While waiting at Kanesville or Council Bluffs as it is now called, we ascended the hills back of the town and gazed across to the Nebraska side. I thought of Daniel Boone as he wandered westward on the Kentucky hills looking into Ohio. “Fair was the scene that lay before the little band, that paused upon its toilsome way, to view the new found land.”
At St. Mary we met Peter A. Sarpy. He greeted us all warmly and invited all to get out of the stage and have a drink at his expense. As an inducement to settle in Omaha, we were each offered a lot anywhere on the townsite, if we would build on it, but we had started for De Soto, Washington county, and no ordinary offer could induce us to change our purpose.
We thought that with such an excellent steamboat landing and quantities of timber in the vicinity, De Soto had as good a chance as Omaha to become the metropolis. We reached De Soto May 14, 1855, and found one log house finished and another under way. Zaremba Jackson, a newspaper man, and Dr. Finney occupied the log cabin and we boarded with them until we had located a claim and built a cabin upon the land we subsequently entered and upon which the city of Blair is now built.
After I had built my cabin of peeled willow poles the Cuming City Claim Club warned me by writing on the willow poles of my cabin that if I did not abandon that claim before June 15, 1855, I would be treated to a free bath in Fish creek and free, transportation across the Missouri river. This however proved to be merely a bluff.
I organized and was superintendent of the first Sunday school in Washington county in the spring of 1856. The first board of trustees of the Methodist church in the county was appointed by Rev. A. G. White, on June 1, 1866, and consisted of the following members, Alex Carter, L. D. Cameron, James Van Horn, M. B. Wilds, and myself. The board met and resolved itself into a building committee and appointed me as chairman. We then proceeded to devise means to provide for a church building at Cuming City, by each member of the board subscribing fifty dollars. At the second meeting it was discovered that this was inadequate and it was deemed necessary for this subscription to be doubled. The church was built, the members of the committee hewing logs of elm, walnut, and oak for sills and hauling with ox teams. The church was not completely finished but was used for a place of worship. This building was moved under the supervision of Rev. Jacob Adriance and by his financial support from Cuming City to Blair in 1870. Later it was sold to the Christian church, moved off and remodeled and is still doing service as a church building in Blair.
Jacob Adriance was the first regular Methodist pastor to be assigned to the mission extending from De Soto to Decatur. His first service was held at De Soto on May 3, 1857, at the home of my brother, Jacob Carter, a Baptist. The congregation consisted of Jacob Carter, his family of five, Alex Carter, myself and wife.

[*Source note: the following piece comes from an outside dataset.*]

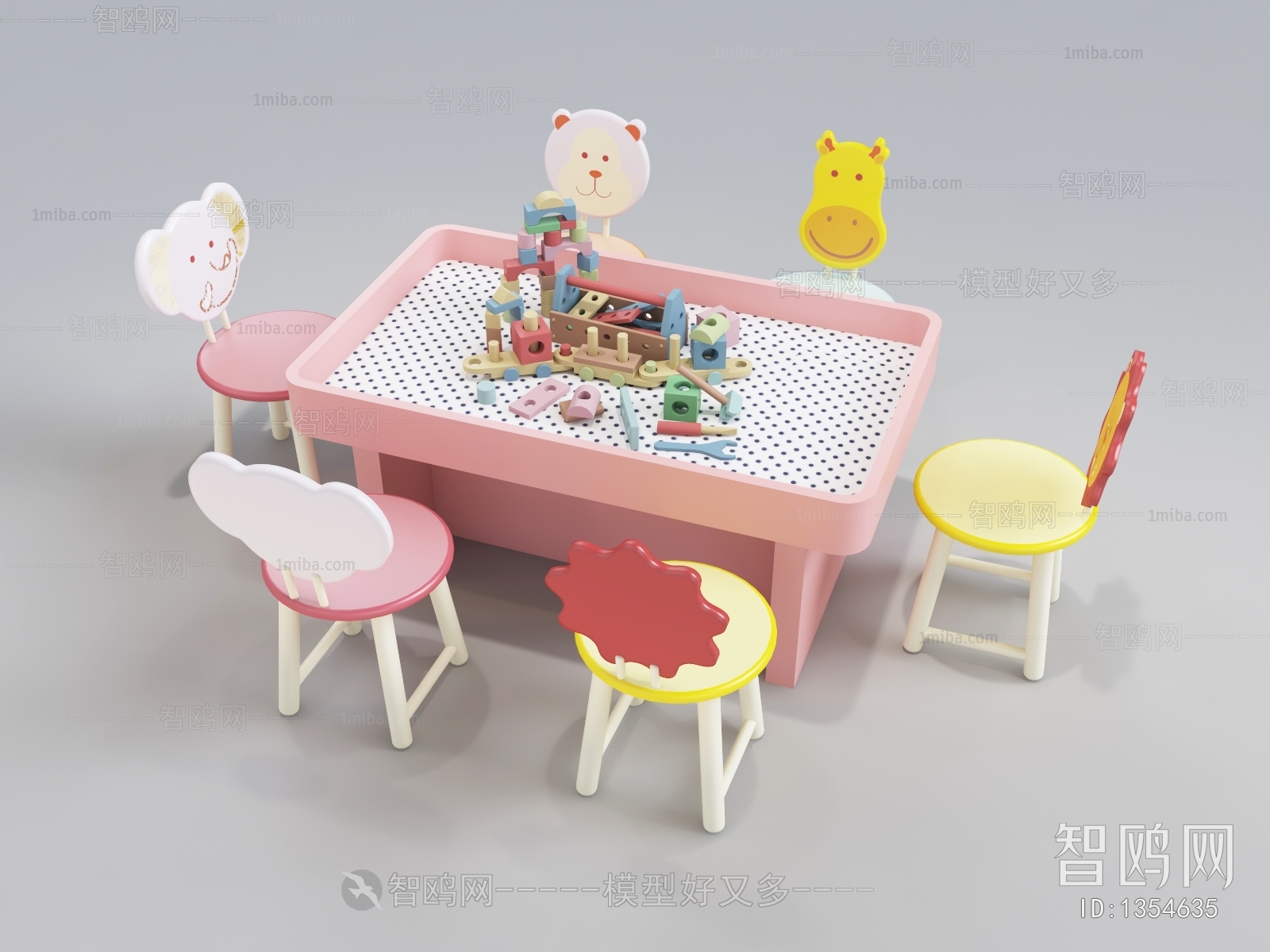 现代儿童玩具桌 益智游戏 积木桌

The winter before Rev. Adriance came Isaac Collins was conducting protracted meetings in De Soto and so much interest was being aroused that some of the ruffians decided to break up the meetings. One night they threw a dead dog through a window hitting the minister in the back, knocking over the candles and leaving us in darkness. The minister straightened up and declared, “The devil isn’t dead in De Soto yet.”

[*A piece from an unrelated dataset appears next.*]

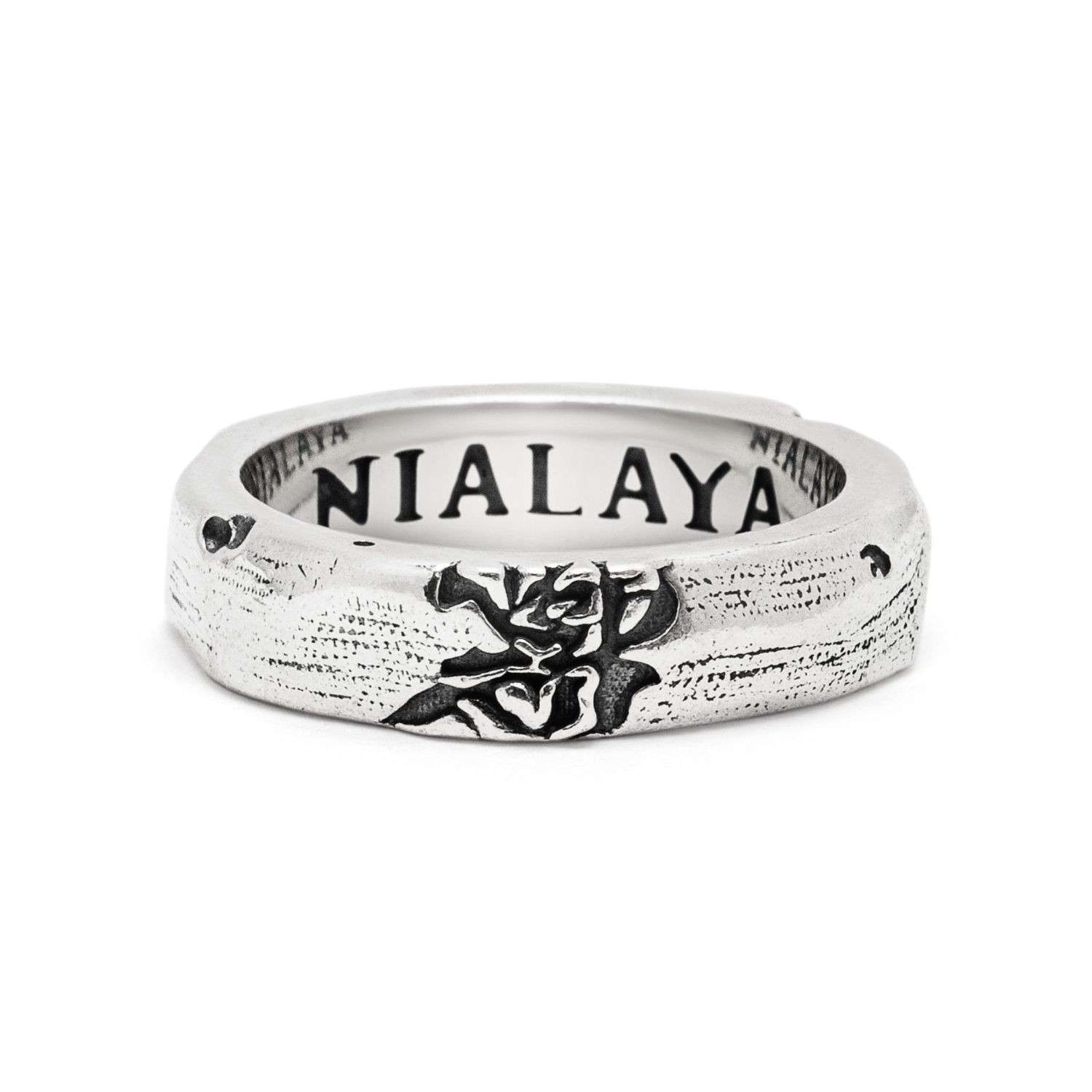 Nialaya Men's Carved Vintage Sterling Silver Ring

I was present at the Calhoun claim fight at which Mr. Goss was killed and Purple and Smith were wounded.
The first little log school was erected on the townsite of Blair, the patrons cutting and hauling the lumber. I was the first director and Mrs. William Allen nee Emily Bottorff, first teacher.
I served as worthy patriarch of the First Sons of Temperance organization in the county and lived in De Soto long enough to see the last of the whiskey traffic banished from that township.
I have served many years in Washington county as school director, justice of the peace, and member of the county board.
In October, 1862, I joined the Second Nebraska cavalry for service on the frontier. Our regiment lost a few scalps and buried a number of Indians. We bivouacked on the plains, wrapped in our blankets, while the skies smiled propitiously over us and we dreamed of home and the girls we left behind us, until reveille called to find the drapery of our couch during the night had been reinforced by winding sheets of drifting snow.